I’m running through the jungle.
OK, I’m not really running because I’m on all fours. Rather, I’m crawling through the jungle at top speed. I’m eating strange fruit I find along the way. Fruit the likes of which I’ve never seen before. Then I’m crawling through a swamp and stopping to lap some of the greenish water. It tastes like something dead. It’s delicious.
There’s a boar coming at me. An enormous boar with frightening teeth. He comes right up to me and puts his nose against mine. He tells me, “There’s good mud to roll in over the hill and down in the next valley.”
“Right on,” I say. “I’m heading over.”
“Ralph, Janey and Max are all over there,” he says.
“Right on,” I say again, which is lame, but I’m not used to talking to boar. I head uphill.
We’re all in the mud, enjoying an evening roll. Ralph, a very handsome boar, tells me I’m beautiful. Sandy, a female boar, asks me if I want to set up my lending library near her sleeping place. She’s almost done suckling her latest litter and fears empty-nest syndrome. Some Stephen King might distract her.
Suddenly, a man descends on us from the hill. We didn’t see him because we have bad eyesight and darkness is gathering. He throws a net over Ralph and Ralph is very angry. But before Ralph can attempt to get away, the man puts a knife into his throat up to the handle and pulls it across so that there is a rush of blood. Then Ralph is still. The other boars rampage through the mud and the man swipes at them, temporarily overcome by frantic boars. He misses them all but accidentally sinks a knife into my thigh.

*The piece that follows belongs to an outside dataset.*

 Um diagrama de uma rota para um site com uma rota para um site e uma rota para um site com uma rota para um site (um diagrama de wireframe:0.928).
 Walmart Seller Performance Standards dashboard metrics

What the hell, I think. I wasn’t trying to hurt him. I was just lying in the mud. Life is unfair.
The man picks me up and tosses me over his shoulder. I pass out.
“Darcy?” Jack says. “Darcy, can you hear me? Come on, Darcy! Pull out of it.”
I open my eyes and smile up at Jack, the handsome doctor. Finally, I’m the one who needs his medical attention. Everyone else has taken a turn but I never managed to get hurt badly enough until now. I smashed my hand in a suitcase on the fourth day but Jack wouldn’t even look at it. He was upset about something to do with Kate. Always Kate.
Now Jack has to give me special attention.
“Come on, Darcy, don’t die on me,” he says. He picks me up by the shoulders and stares into my eyes. “You’re not going to die today! Do you hear me! You’re not going to die!”
“OK,” I say. “I won’t die.”
He doesn’t hear me. “I’m not going to let you die,” he yells at me.
“What’s all that shit on her face?” Hurley, the fat guy, asks Jack.
“I don’t know,” Jack says.
“Where’s John?” I whisper. “And Ralph?”
“Who’s Ralph?” Hurley says. “There’s no Ralph on the manifest.”
“The boar,” I say.
“John brought you here and then he went back to get the boar,” Jack says. “Why? Did he do something to you? Did he put you up to this? Did he try to kill you?”
“I don’t think so,” I say.
“Right,” Jack says. “That guy is a problem. I knew it. Now, where’s my sewing kit so I can sew your leg shut?”
As he’s sewing me up, I feel like I’m going to pass out again. “Don’t be mad at John,” I whisper. “He saved me. I’m not a librarian after all, I’m a boar.”
“What does that mean?” Hurley says.
“Must be some kind of code,” Jack says. “We’ll debrief her when she’s feeling better.”
But I knew that in the morning I’d be gone, out into the jungle to be with my new boar friends, sans Ralph, who would be their dinner.